▶ _Your task_
Please copy the lines below, exactly as they are, from the one with "Ağdamın icra başçısı: Cəbhəboyu" through the one with "Used 2023 Porsche Macan image 14", and leave out the pictures.

*** Provided data Section Begins ***

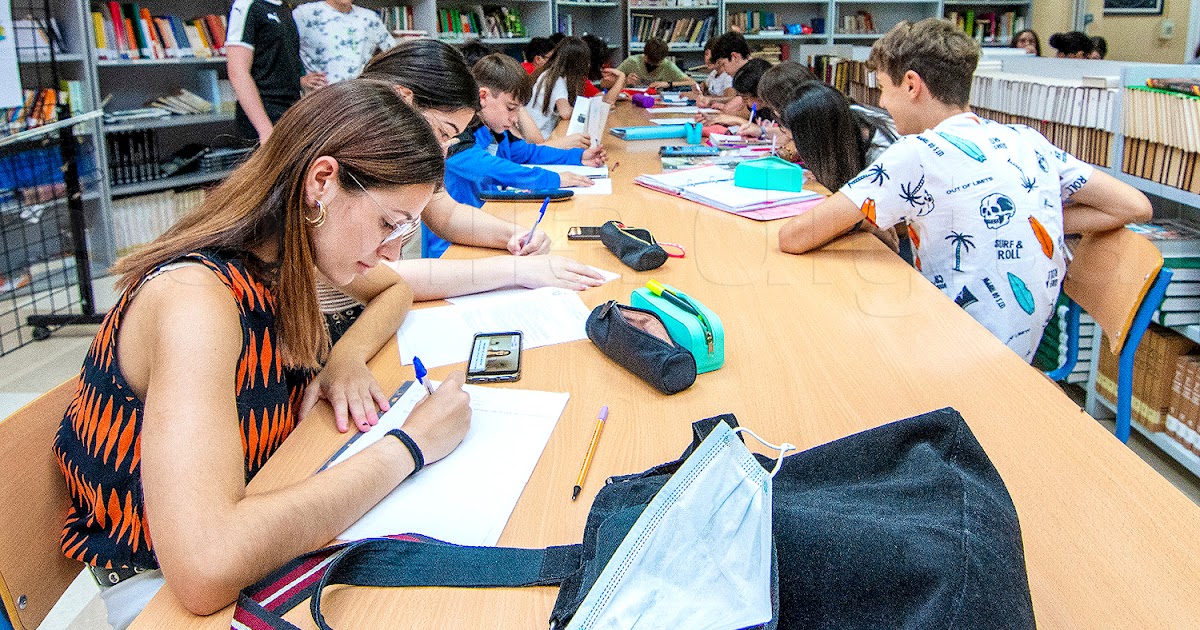 Casi 77.000 estudiantes de Secundaria, Bachillerato y FP comienzan hoy sus clases en Córdoba dlvr.it/TDHRcm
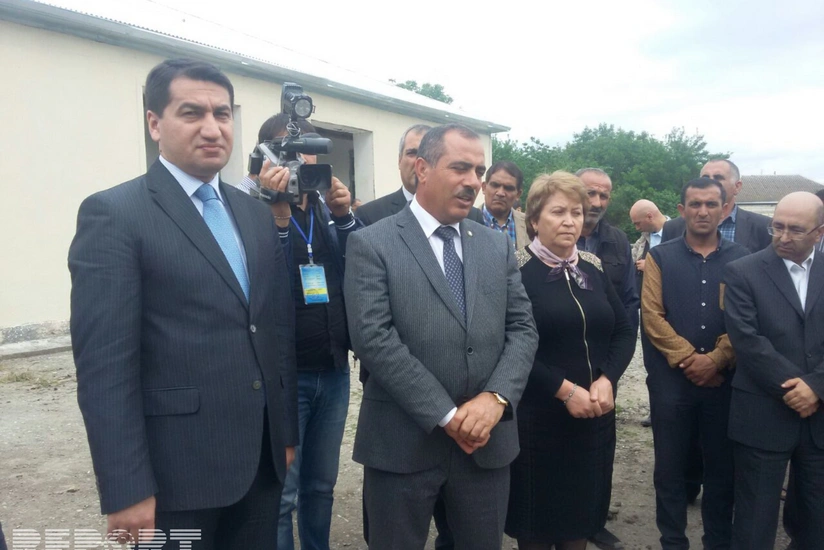 Ağdamın icra başçısı: Cəbhəboyu kəndlərə hər gecə 100-dən çox mərmi düşür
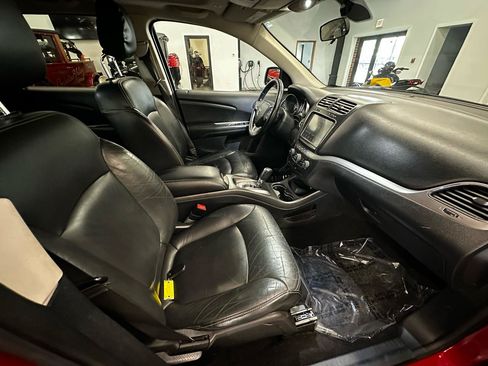 Used 2018 Dodge Journey Crossroad w/ Nav & Sun Group FWD image 15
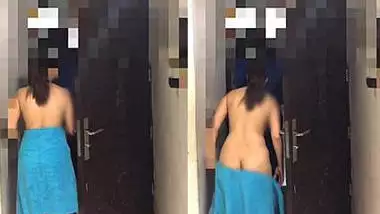 Desi Wife Towel Drop Dare In Front Of Delivery Boy porn video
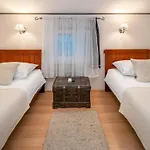 Roza Affittacamere 3*
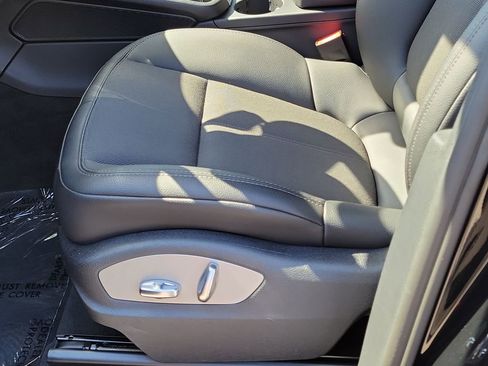 Used 2023 Porsche Macan image 14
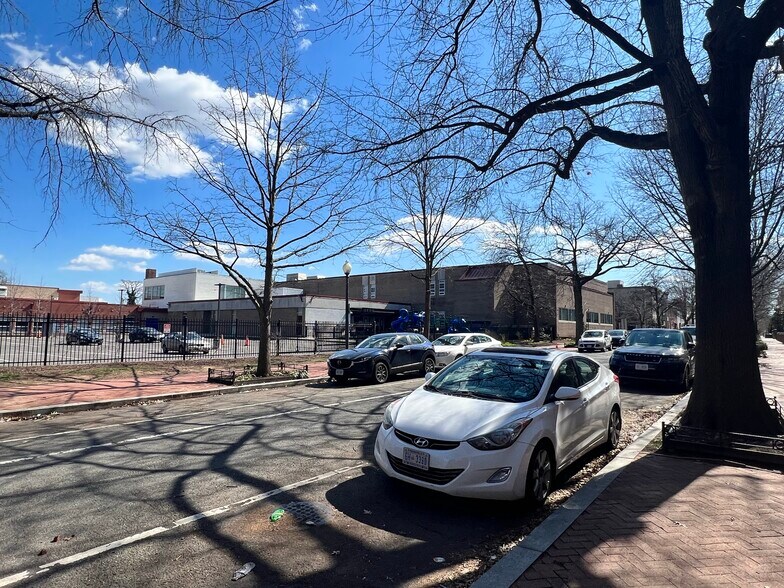 More Photos Of 1546 5th St NW, Washington Specialty For Sale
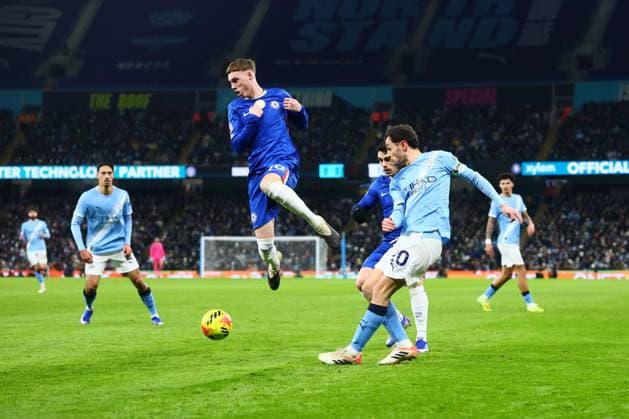 Cole Palmer of Chelsea and Bernardo Silva of Manchester City Manchester City v Chelsea, Premier League, Football, Etihad Stadium, Manchester, UK - 04 Jan 2026Manchester Etihad Stadium United Kingdom EDITORIAL USE ONLY No use with unauthorised audio, video, data, fixture lists, club league logos or live services. Online in-match use limited to 120 images, no video emulation. No use in betting, games or single club league player publications.  Copyright: xPaulxCurrie Shutterstockx 16220539ax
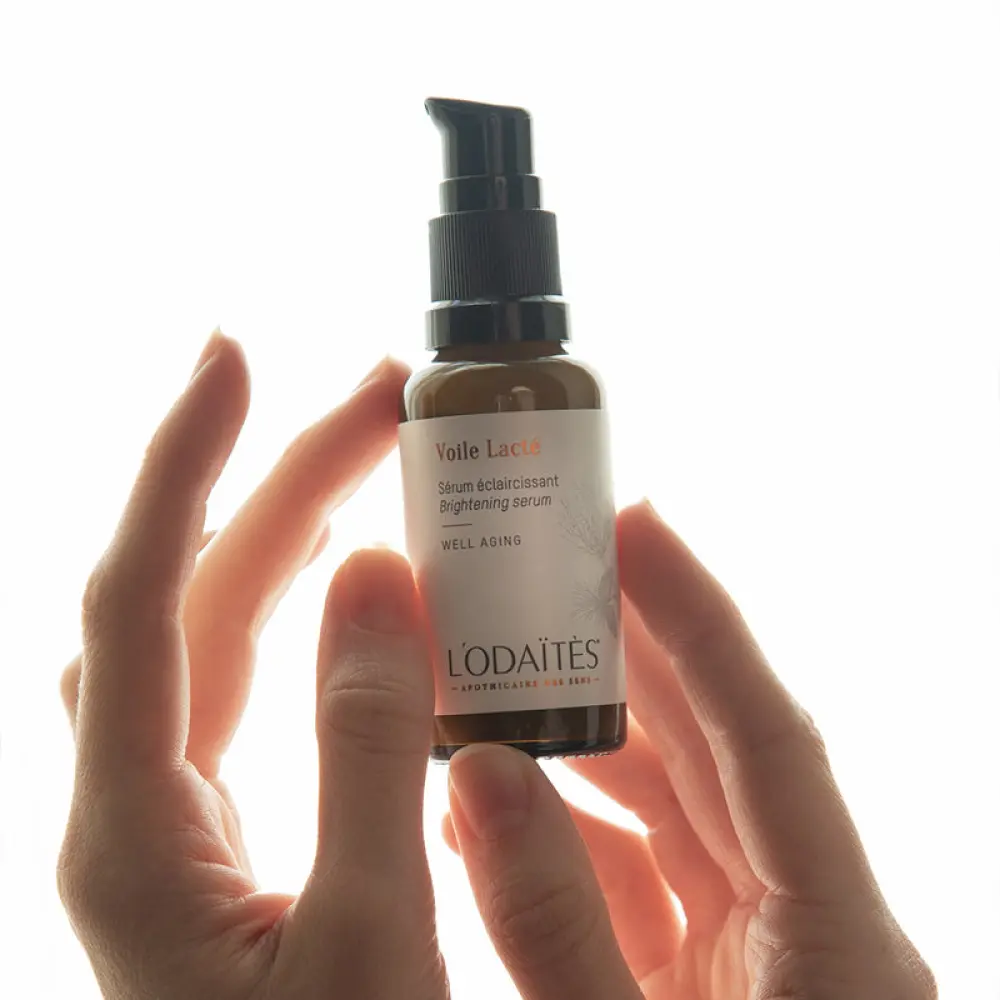 lodaites_serum-eclaircissant_lifestyle_800x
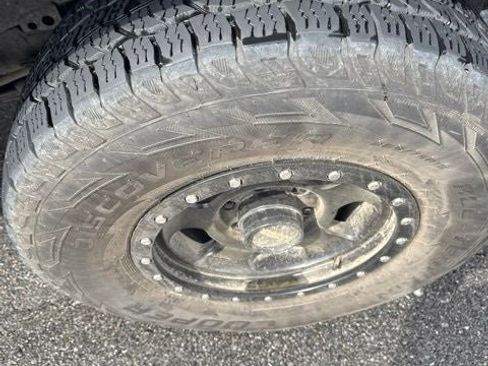 Used 2021 Toyota Tacoma SR AWD/4WD image 30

*** Provided data Section Ends ***

▶ _Result for this exercise_
 Ağdamın icra başçısı: Cəbhəboyu kəndlərə hər gecə 100-dən çox mərmi düşür
 Used 2018 Dodge Journey Crossroad w/ Nav & Sun Group FWD image 15
 Desi Wife Towel Drop Dare In Front Of Delivery Boy porn video
 Roza Affittacamere 3*
 Used 2023 Porsche Macan image 14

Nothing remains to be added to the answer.